Sie kämpfen gemeinsam gegen illegales Geocaching an einer als Naturdenkmal ausgewiesenen Felswand in Beckingen: Dieter Staniszewska (rechts) und Hauseigentümer Jürgen Barth, hinter dessen Anwesen das Ganze stattfindet. Foto: Dieter Lorig
Sie kämpfen gemeinsam gegen illegales Geocaching an einer als Naturdenkmal ausgewiesenen Felswand in Beckingen: Dieter Staniszewska (rechts) und Hauseigentümer Jürgen Barth, hinter dessen Anwesen das Ganze stattfindet. Foto: Dieter Lorig FOTO: Dieter Lorig
Beckingen. Durch die Kletterpartien an der Felswand hinter ihrem Haus fühlen sich die Besitzer belästigt, die Schatzsucher rufen auch die Naturschützer auf den Plan. Handelt es sich bei der Wand doch um ein ausgewiesenes Naturdenkmal. Dieter Lorig

Das Beckinger Ehepaar Jürgen und Christel Barth ist sauer: Nur wenige Meter hinter ihrem Hausgrundstück in der Dillinger Straße seilten sich in den letzten Jahren immer wieder Kletterer an einer 30 Meter hohen Felswand ab, um in eine 16 Quadratmeter große Höhle zu gelangen. Darin soll sich eine Schatzbox ("Geocache", siehe Infokasten) befunden haben, auf die es die Kletterer abgesehen hatten. Die waghalsigen Kletterpartien waren für die unterhalb der Felswand wohnenden Hauseigentümer meist mit Staub- und Lärmbelästigungen verbunden.



Gesteinsabbrüche

Zudem kam es zu gefährlichen Gesteinsabbrüchen in der langgezogenen Buntsandsteinwand am Kondeler Bach. Diese ist seit 1952 als geologisches Naturdenkmal ausgewiesen. So fühlte sich das Beckinger Ehepaar durch die Kletterer auch in seiner Privatsphäre beeinträchtigt. "Es gab Fälle, in denen die Kletterer den Rückweg nach oben über die Felswand nicht mehr schafften und sich, ohne zu fragen, über unser eingezäuntes Grundstück einen Weg zur öffentlichen Straße suchten", klagte Barth. Angelockt wurden die Kletterer durch eine amerikanische Internet-Geocaching-Plattform. Auf deren Karten war die Fundstelle der Schatzbox präzise ausgewiesen.

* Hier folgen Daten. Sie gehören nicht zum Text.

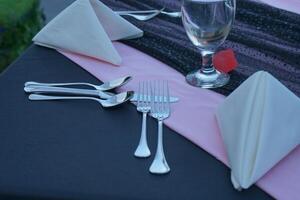 Holidays romantic, dinner table and setting for valentines day, fine dining or date at indoor night restaurant. Interior diner for evening couple reservation photo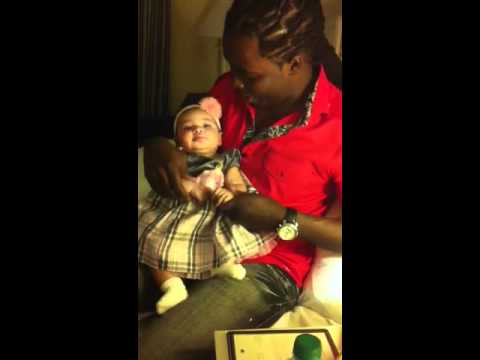 Daddy plays hokey pokey with baby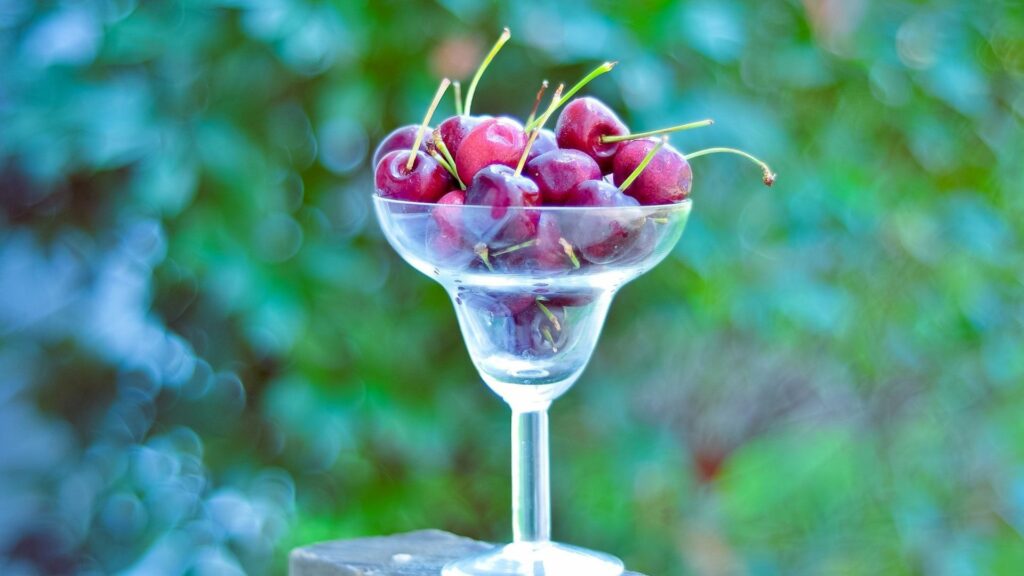 Vibrant Cherry Wallpaper: Refreshing Glass & Soft Green Background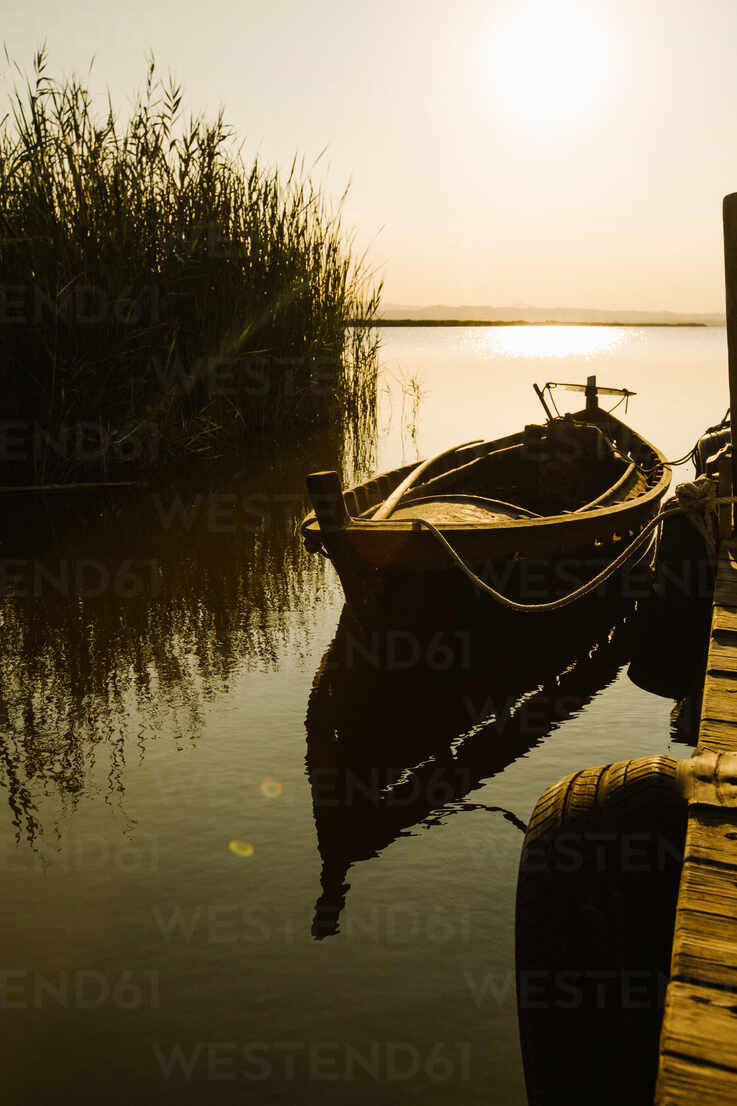 Moored Boat By Wooden Pier Adsf Addictive Stock Creatives Westend61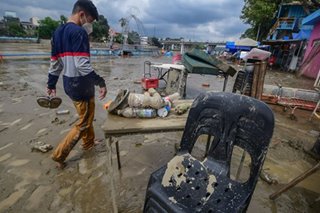 Cleaning up after the flood in Marikina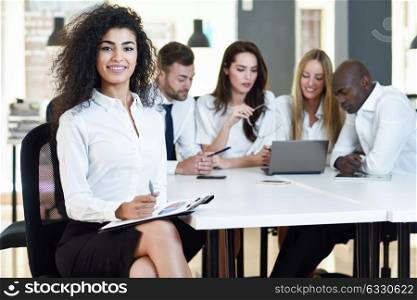 Multi-ethnic group of five businesspeople meeting in a modern office. Muslim businesswoman leader, wearing white shirt and black skirt, looking at camera.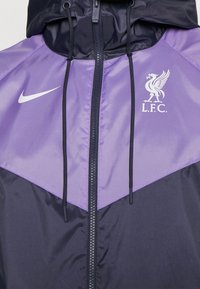 Nike purple and navy windbreaker featuring a kangaroo pocket, hood, and L.F.C. logo. Material is smooth, with adjustable drawstrings.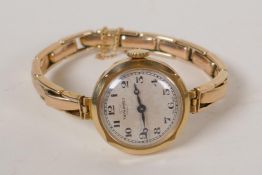 A 9ct gold Tavannes wristwatch with 9ct gold strap and Swiss movement, 21.7g gross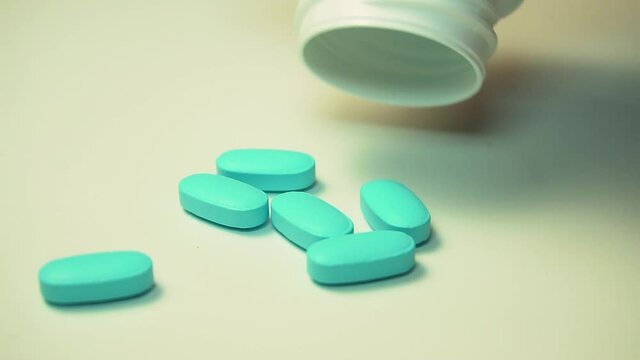 Sideways pan on oxycodone, the generic name for a range of opoid pain killing tablets. Prescription bottle for Oxycodone tablets and pills on wooden table with USA flag in background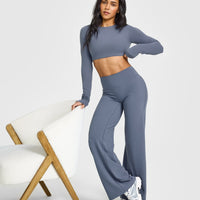 SoftMotion™ Long Sleeve Crop Top with White Logo | Granite Blue
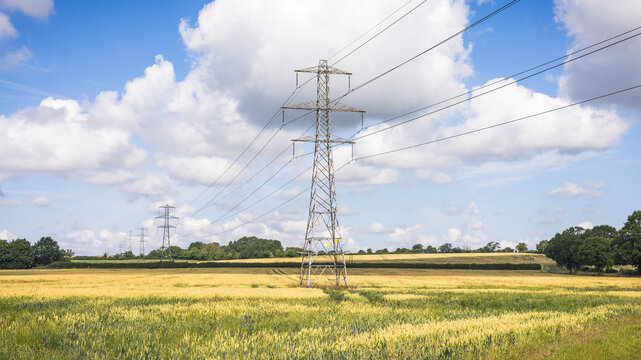 Electricity pylons in countryside landscape, UK National Grid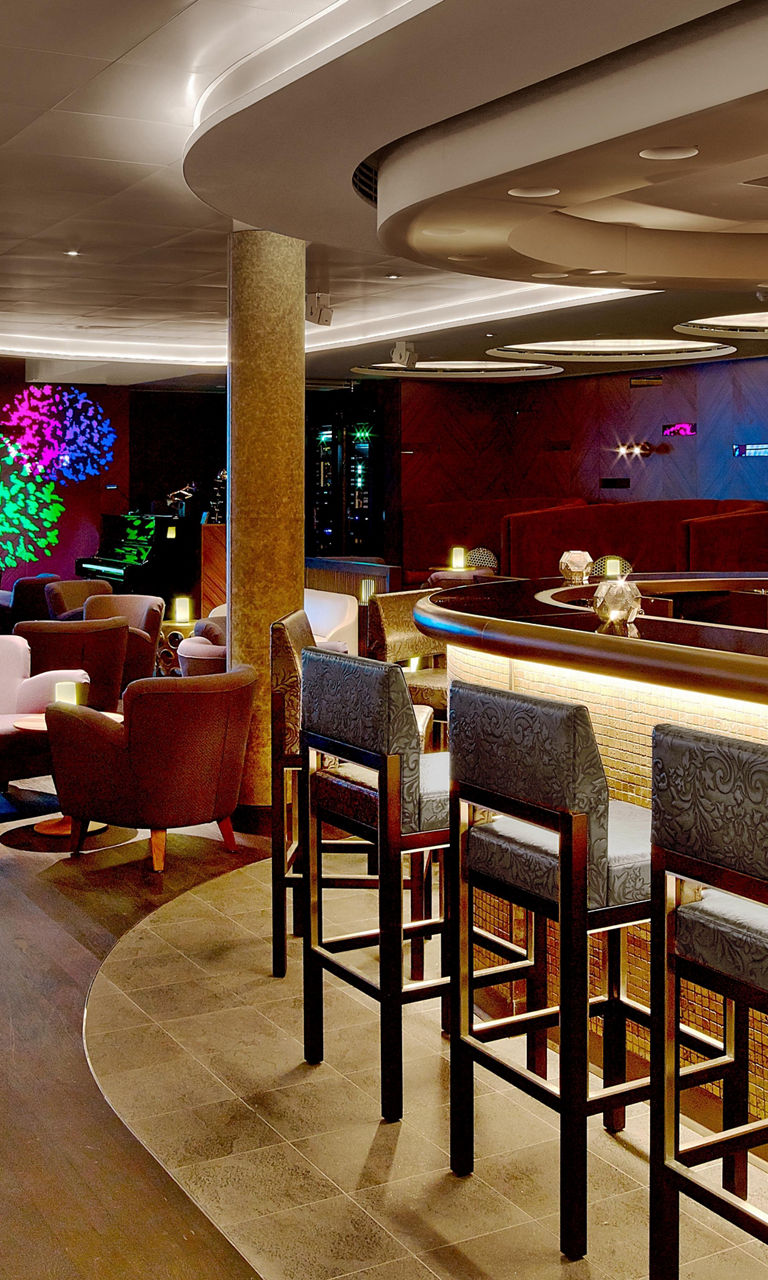 Modern lounge bar with vibrant lighting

Ein besonderer Reiz für das beliebte Geocaching als moderne Form der Schatzsuche mittels GPS-Empfängern scheint darin zu liegen, dieses Hobby an ungewöhnlichen Stellen zu betreiben. "Geocaching an der Beckinger Felswand ist nicht nur höchst gefährlich, sondern auch illegal und bedroht dort die Flora, Fauna sowie Tierwelt", erläuterte Dieter Staniszewska im Gespräch mit der SZ. Der 52-jährige Dillinger ist Vorsitzender eines Arbeitskreises, deren Mitglieder sich im Saarland und Rheinland-Pfalz um Natur- und Artenschutz kümmern. Er vermutet, dass die in der Beckinger Felswand vorhandenen Spalten auch Rückzugsorte für Fledermäuse sind.

Nachdem die Betreiber der Geocaching-Seite die Reklamationen des Dillinger Naturschützers zunächst ignoriert hatten, informierte dieser das Landesamt für Umwelt- und Arbeitsschutz (LUA).

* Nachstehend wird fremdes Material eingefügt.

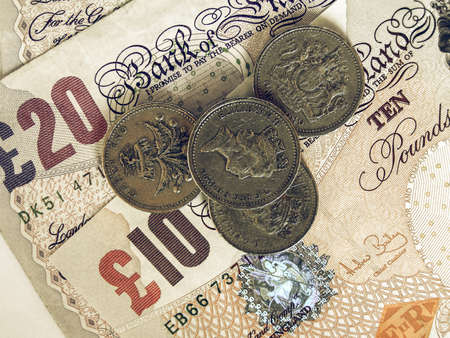 Vintage looking Detail of British Pounds banknotes and coinsの写真素材
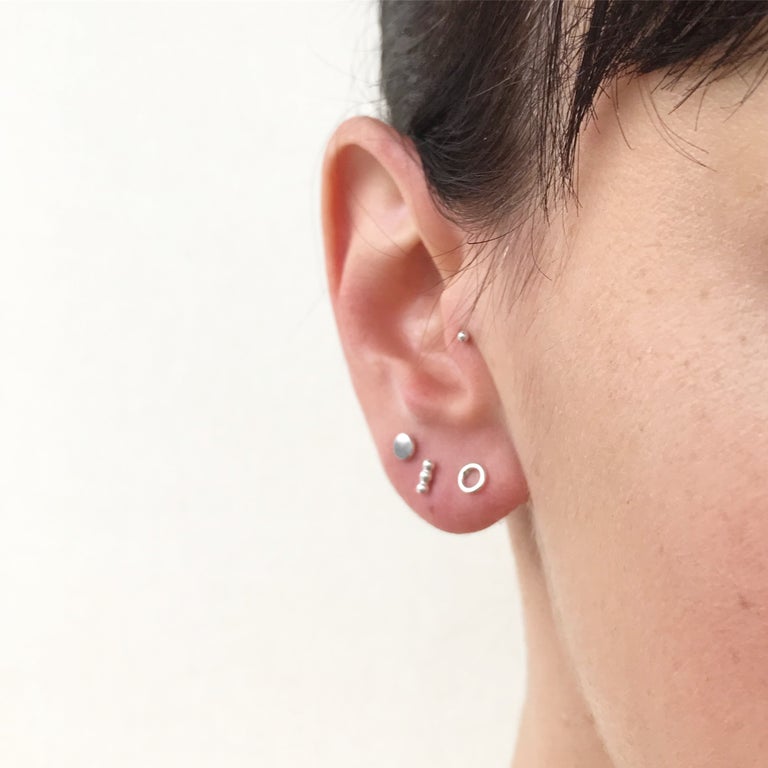 trio stud earring set worn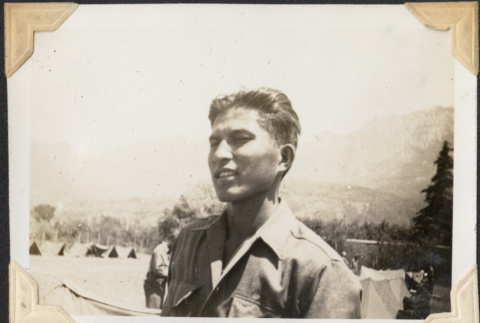 Man with hills and tents in background (ddr-densho-466-656)
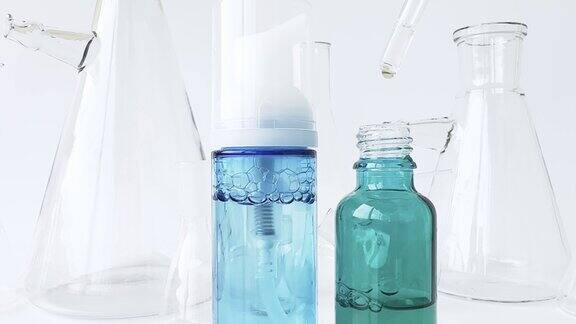 皮肤精华保湿美白精华果酸玻璃体积烧瓶实验室烧瓶用于实验室工作的背景
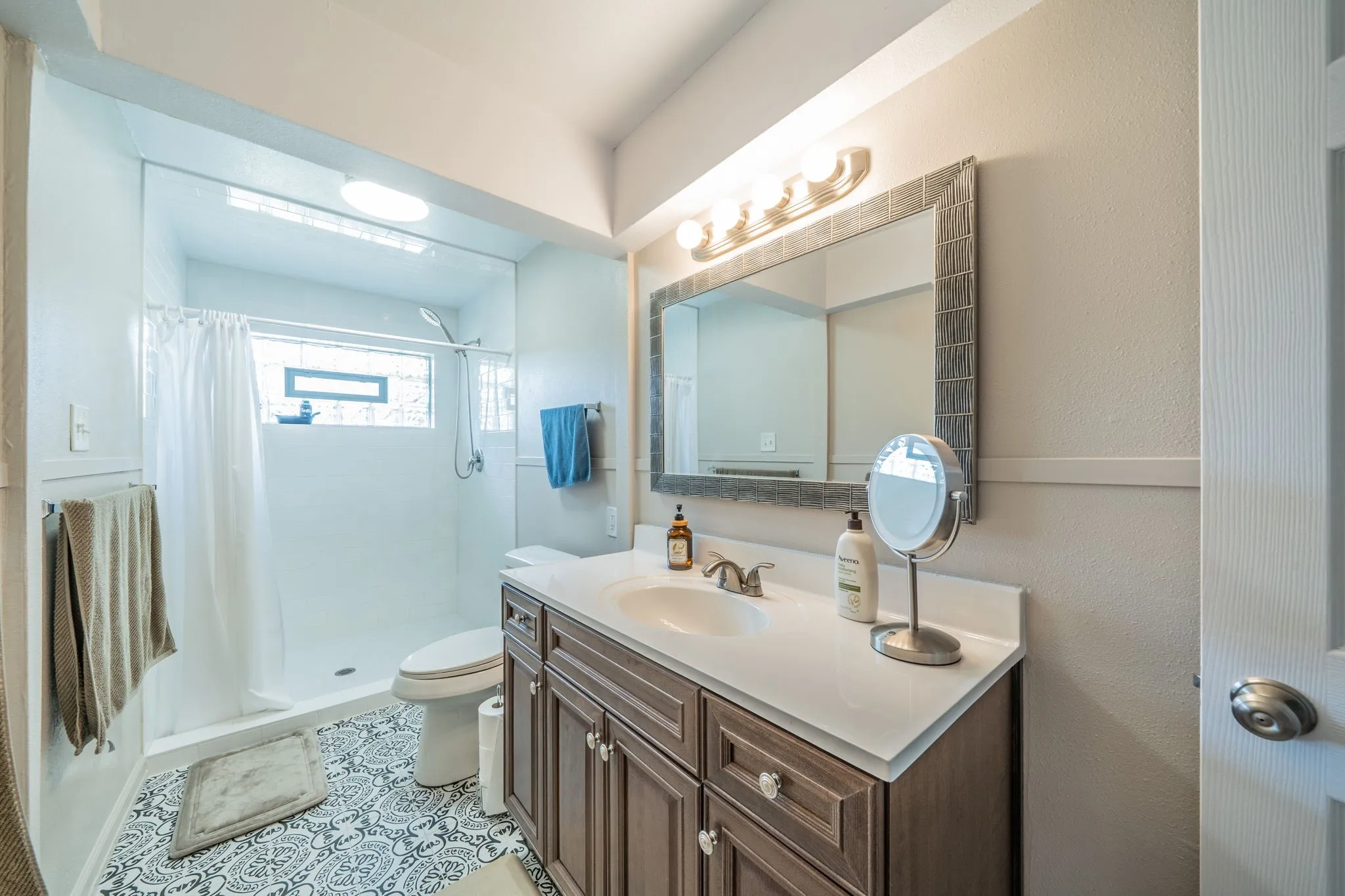 Bathroom featuring a wood-finish vanity with a single basin sink, a framed mirror, an overhead vanity light fixture, a walk-in shower with a glass panel, and patterned floor tile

Auf Nachfrage der SZ bestätigte das Umweltministerium, dass laut Naturdenkmalverordnung das unrechtmäßige Betreten der Felsen nicht erlaubt und somit Geocaching in diesem Bereich illegal sei. Jedoch lägen dem LUA Informationen vor, wonach der Geocache als auch die Infos hierüber auf der Internet-Plattform vor einigen Wochen gelöscht worden seien. "Damit ist mit einem Andauern des Konflikts zwischen Anwohnern, Geocachern und Naturschützern nicht weiter zu rechnen", teilte Sabine Schorr, Pressesprecherin des Umweltministeriums mit.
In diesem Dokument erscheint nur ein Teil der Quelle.